For this function, the trait's states must be represented by integers within 1,..,Nstates, where Nstates is the total number of possible states. If the states are originally in some other format (e.g. characters or factors), you should map them to a set of integers 1,..,Nstates. You can easily map any set of discrete states to integers using the function `map_to_state_space`.

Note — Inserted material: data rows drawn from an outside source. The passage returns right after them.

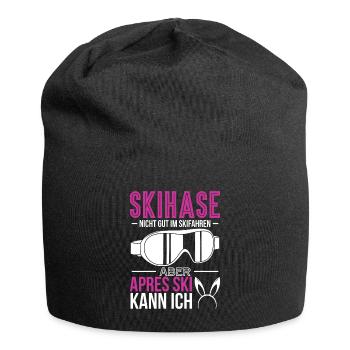 Apres Ski Skihase Wintersport Skihaserl Geschenk - Jersey-Beanie - Schwarz - Vorne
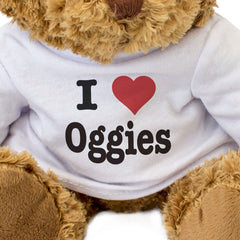 I LOVE OGGIES - Teddy Bear - Cute Funny Food Pasties Souvenir Gift Present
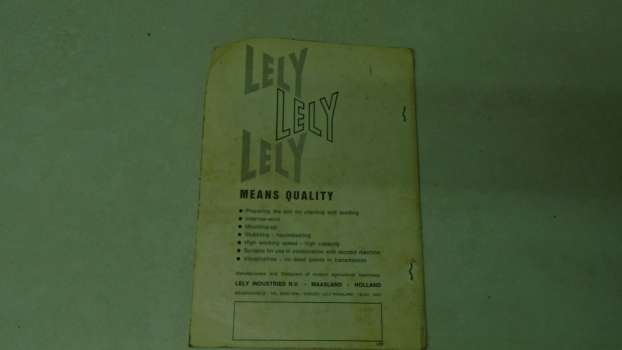 Westlake Plough Parts – Lely Rotary Harrow Manual & Parts List 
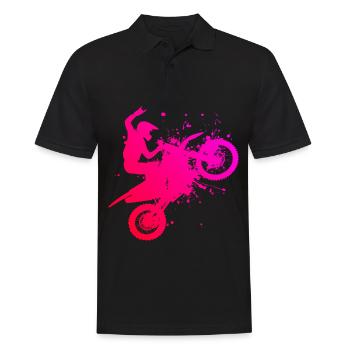 Dirt Biker Dirt Bike Freestyle Motocross - Männer Poloshirt - Schwarz - Vorne - Kai (181cm)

Any `NA` entries in `tip_states` are interpreted as unknown states. Prior to ancestral state reconstruction, the tree is temporarily prunned, keeping only tips with known state. The function then calculates the empirical state probabilities for each node in the pruned tree, based on the states across tips descending from each node. The state probabilities of tips with unknown state are set to those of the most recent ancestor with reconstructed states, as described by Zaneveld and Thurber (2014).

The tree may include multi-furcations (i.e. nodes with more than 2 children) as well as mono-furcations (i.e. nodes with only one child). This function has asymptotic time complexity O(Nedges x Nstates).

Tips must be represented in `tip_states` in the same order as in `tree\$tip.label`. The vector `tip_states` need not include names; if it does, however, they are checked for consistency (if `check_input==TRUE`).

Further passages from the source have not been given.